God comes to Gideon at a time when his people are being oppressed by enemies who are stealing their food. In the midst of economic hardship and oppression God comes to a man who is the least in his family, whose family is the weakest in the tribe of Manasseh. There is no way this guy can deliver Israel, well, there is one way. The Lord said to Gideon, “I will be with you. Peace be to you; do not fear, you shall not die” (Judges 6:23).

The night of Jesus’ birth, the angel said to the shepherds (Luke 2:10), “Do not be afraid; for behold I am bringing you good news of great joy for all the people.”

The Sunday morning after Jesus death on the cross, when the women come to the tomb, an angel says to them (Matthew 28:5), “Do not be afraid, for I know that you are looking for Jesus, who was crucified.” Then Jesus met them and take a wild guess what he said to them (Matthew 28:10), “Do not be afraid.”

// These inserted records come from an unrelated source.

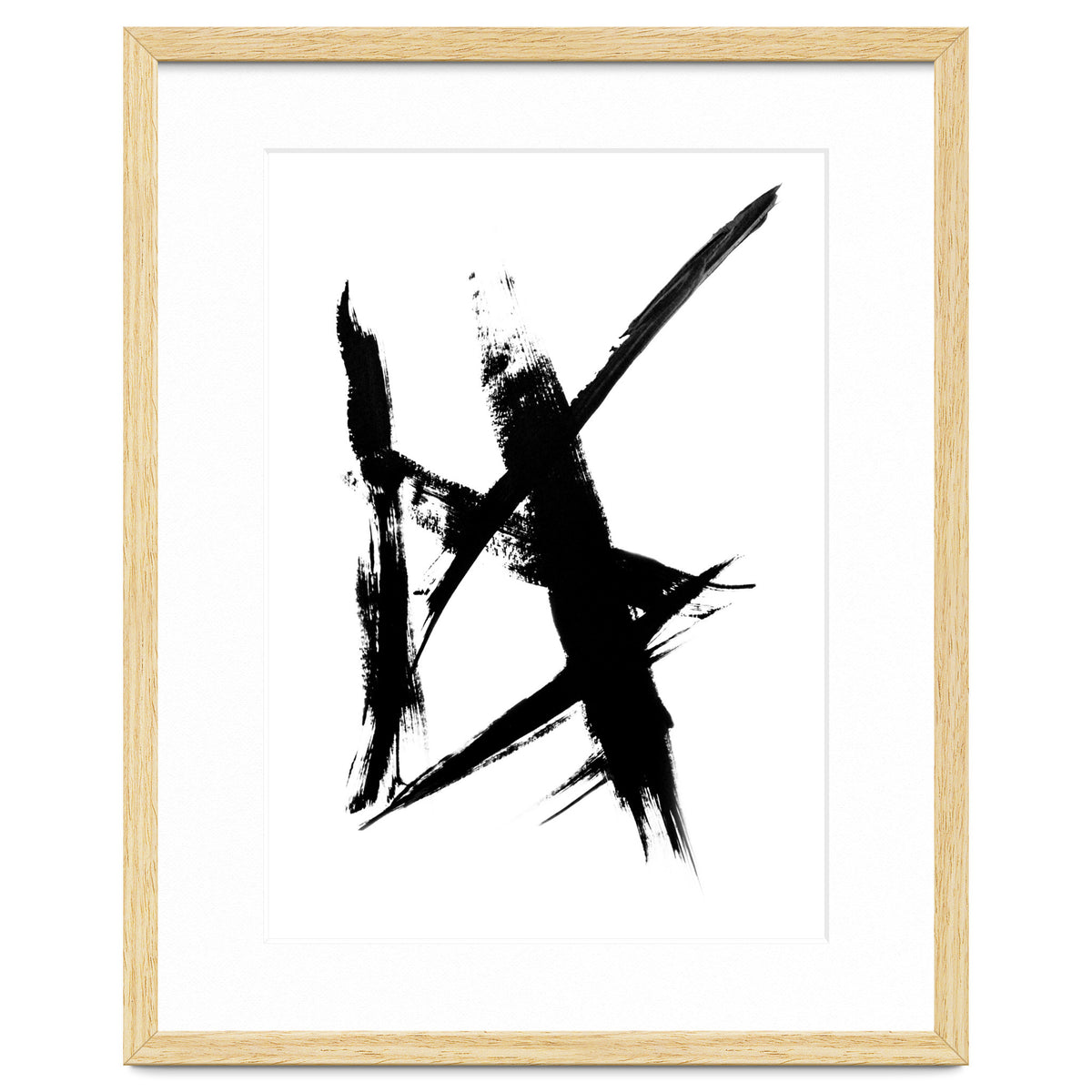 Abstract Brushstroke Print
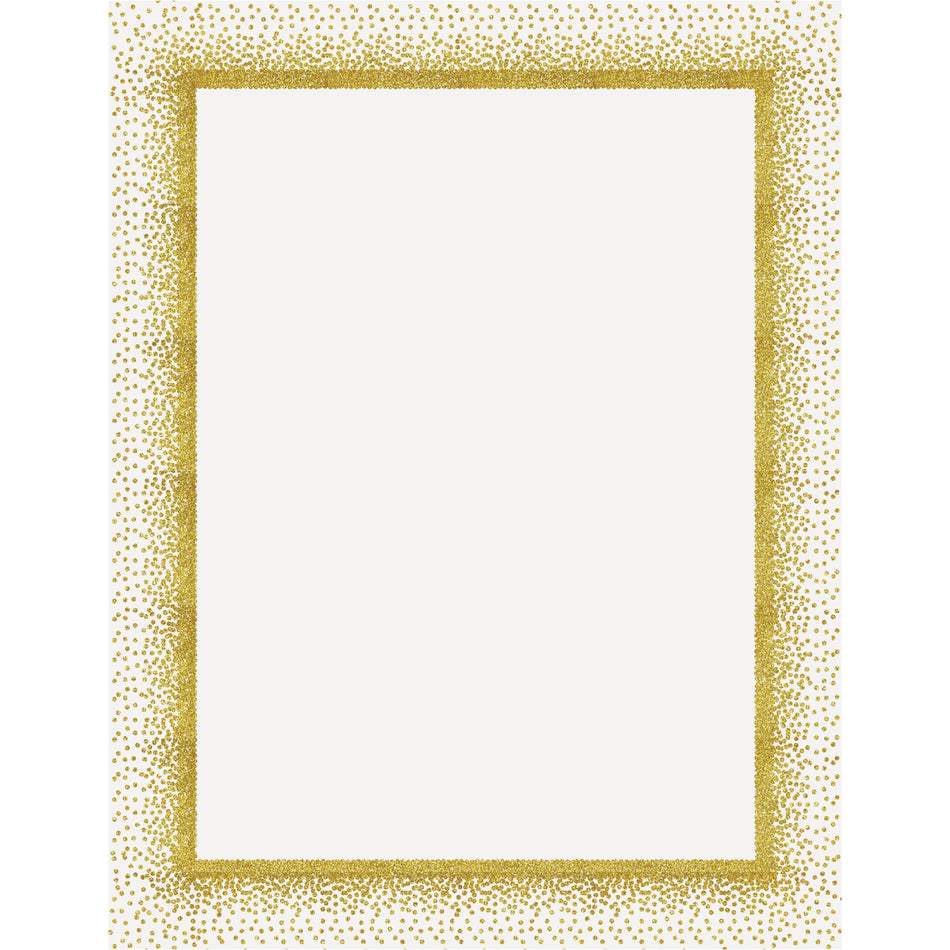 Geographics Confetti Gold Design Poster Board - Fun and Learning, Project, Sign, Display, Art - 28" Height x 22" Width - Yellow - 25 / Carton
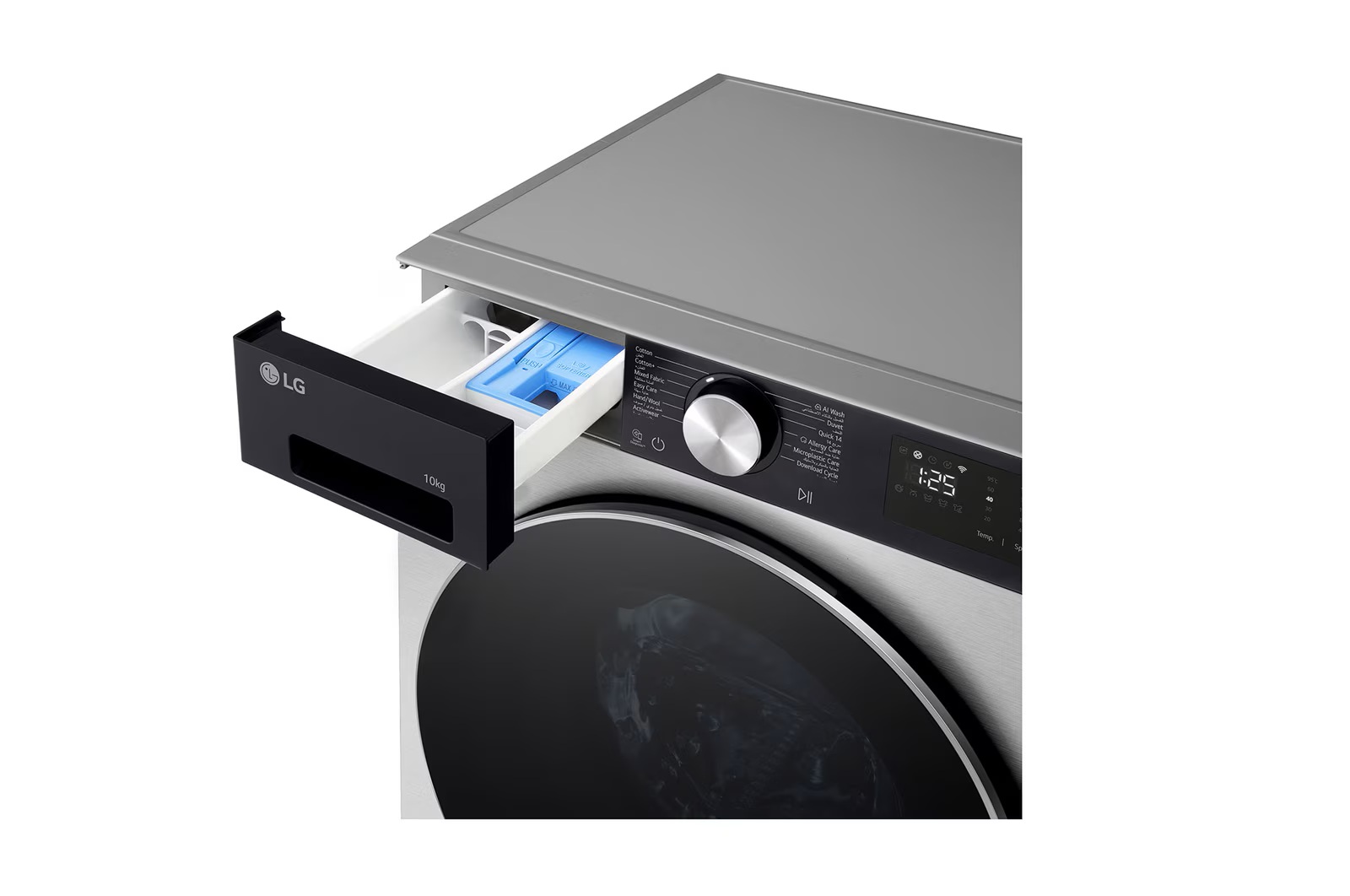 LG Inverter Front Load Washing Machine , 10 kg , Essence Silver - F4X5RYG23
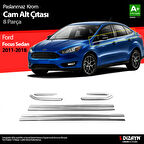 S-Dizayn Ford Focus 3 SD Krom Cam Çıtası 8 Prç 2011-2018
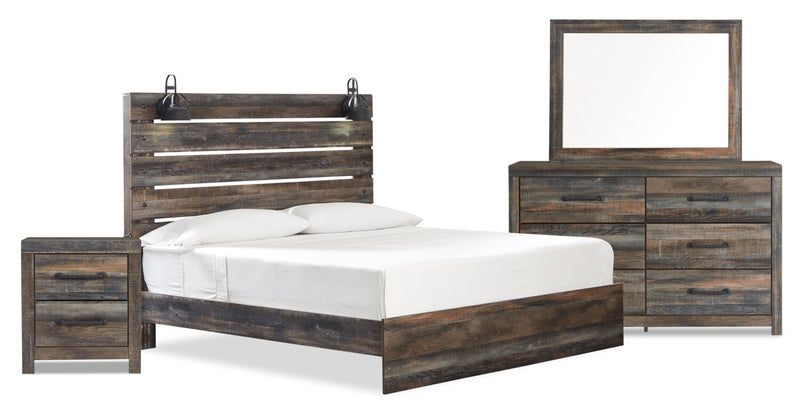 Naylon 6-Piece King Bedroom Set - Brown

            Think about the circumstances of these appearances –

When like Abram and Sarai we are giving up hope of having a future, God says,

Do not be afraid.

When like Isaac and Rebekah, we are hungry and thirsty and longing for direction but find only confusion, contention, and conflict, God says,

Do not be afraid.

When like Gideon our enemies appear poised to swallow us alive and our own strength and resources seem pitifully weak and insufficient, God says,

Do not be afraid.

When like the shepherds we are in the darkness and our vision is limited and we think God is concerned only about me, my family, my business, my church, my town, my party, my nation – God sends an angel to say, Do not be afraid, I’ve got good news for all people.

God shows up when we are grieving like the women at Jesus’ tomb on Easter morning and says, Do not be afraid, my death means life for you. And in John 6 Jesus himself comes to us in the darkness, on deep water, in the face of death and says, “It is I Am; Do not be afraid.”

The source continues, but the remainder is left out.